![alt text](../movie-3057394_1280.jpg)

# Business Understanding

The objective of this project is to analyze historical movie data to generate actionable insights for a new movie studio venture. Specifically, the analysis aims to identify the key factors that contribute to the commercial success of movies, focusing on profitability, audience reception, and production efficiency. This will help the studio make data-driven decisions regarding budget allocation, genre selection, and release strategies to maximize return on investment (ROI) and minimize financial risks.

## Key Business Questions:

- **Which genres and types of movies yield the highest ROI and profitability?**
- **How does production budget correlate with movie revenue and audience ratings?**
- **Which studios and production companies have a consistent track record of success?**
- **What factors (e.g., runtime, release year, genre) influence a movie’s box office performance?**


# Data Understanding 

The project involves analyzing multiple datasets collected from various sources to uncover insights, trends, and patterns in the movie industry.

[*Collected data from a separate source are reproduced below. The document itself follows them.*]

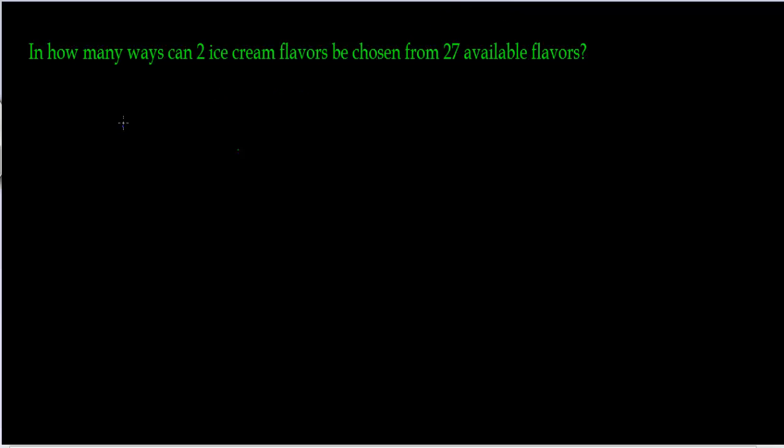Before you start trying to figure out how to do this, you have to determine if this is a permutation or a combination so that you can make your calculations. I always say put yourself in this situation. Let's place ourselves inside an ice cream parlor.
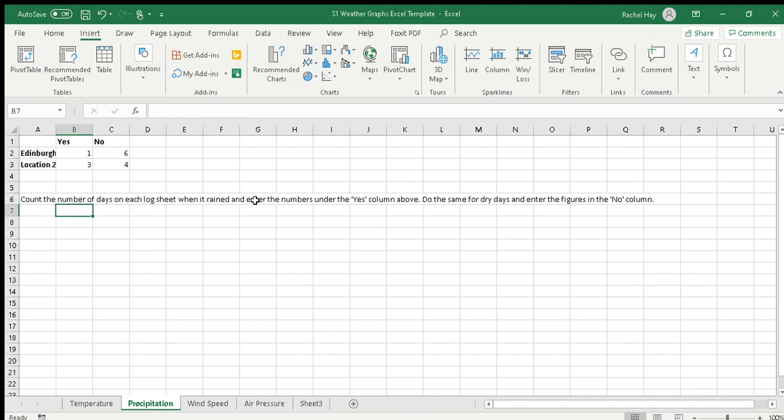Hi everyone, here is how to produce your precipitation graph for your project. You'll see down on the second tab on the bottom left-hand side we've got the tab precipitation, and I've clicked on that and opened it up.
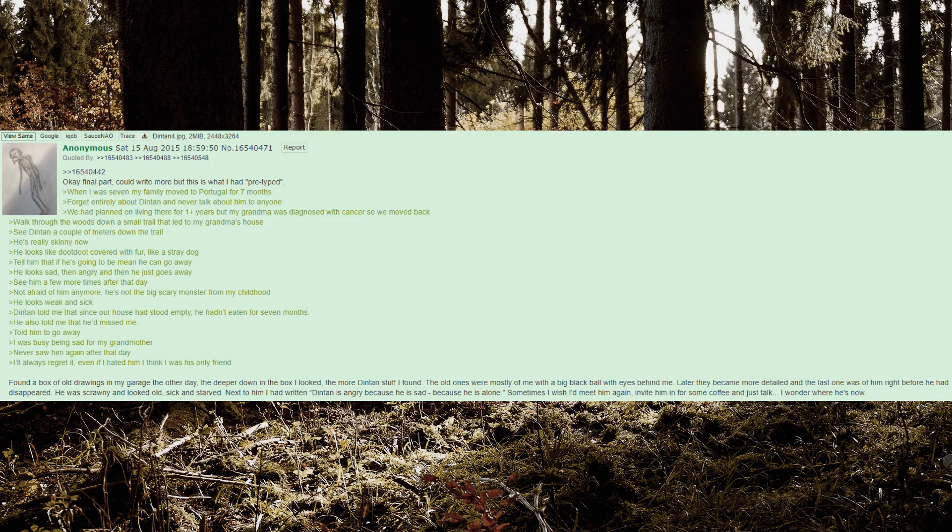When I was 7 my family moved to Portugal for 7 months. Forget entirely about Dinton and never talk about him to anyone. We had planned on living there for 1 plus years but my grandma was diagnosed with cancer so we moved back. Walked through the woods down a small trail that led to my grandma's house. See Dinton a couple of meters down the trail.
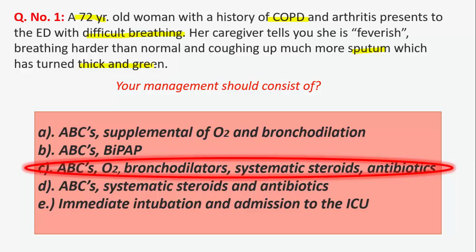Sputum purulence, wheezing, chest tightness, and fevers may also be present. For investigations, we should do CBC, serum chemistries, ABGs if severe, ECG, chest X-ray, blood, sputum, and cultures. Management consists of assessment of ABCs, supplemental oxygen, bronchodilators by nebulizer such as salbutamol or ipratropium, systemic corticosteroids, and antibiotics if indicated when sputum purulence, elevated WBCs, or fevers are present.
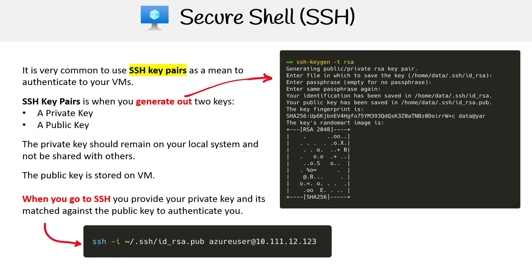SSH -i, provide the public key, see where it says .pub, that's how you know it's a public key. And then there's the actual address of the server. That's how you're going to gain access.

Below is a detailed understanding of the datasets, their key features, and the data issues that need to be addressed for a successful analysis:

---

## 1. **Box Office Mojo Data**

**Overview**: This dataset provides box office revenue and studio-related details.

- **Shape**: 3,387 rows and 5 columns.

### Columns:
- **title**: Movie title (non-null).
- **studio**: Studio responsible for the movie (5 missing values).
- **domestic_gross**: Domestic gross earnings (28 missing values).
- **foreign_gross**: Foreign gross earnings (1,350 missing values, stored as strings).
- **year**: Release year (non-null).

### Key Issues:
- `foreign_gross` is stored as strings, requiring conversion to numeric format.
- Missing values in the `studio` and revenue columns.

---

## 2. **The Numbers Data**

**Overview**: Focuses on production budgets, domestic, and worldwide gross revenue.

- **Shape**: 5,782 rows and 6 columns.

### Columns:
- **id**: Unique identifier for each movie (non-null).
- **release_date**: Movie release date (non-null).
- **movie**: Movie title (non-null).
- **production_budget**: Production budget (stored as strings with commas, requires conversion).
- **domestic_gross** and **worldwide_gross**: Revenue columns stored as strings with commas.

### Key Issues:
- All revenue columns and budgets are in string format, requiring numeric conversion.
- No missing values, but the format needs cleaning for analysis.

---

## 3. **Rotten Tomatoes Reviews Data**

**Overview**: Contains reviews, ratings, and publisher information for movies.

- **Shape**: 54,432 rows and 8 columns.

### Columns:
- **id**: Unique identifier for movies (non-null).
- **review**: Textual review (5,563 missing values).
- **rating**: Rating given by critics (13,517 missing values).
- **fresh**: Whether the review is "fresh" or "rotten" (non-null).
- **critic**: Name of the critic (2,722 missing values).
- **top_critic**: Binary flag for top critics (non-null).
- **publisher**: Publisher of the review (309 missing values).
- **date**: Date of the review (non-null).

### Key Issues:
- Missing values in `review`, `rating`, and `critic` columns.
- Some columns may not directly impact the analysis depending on objectives.

---

## 4. **Rotten Tomatoes Movie Info Data**

**Overview**: Provides additional metadata such as genres, directors, runtime, and box office data.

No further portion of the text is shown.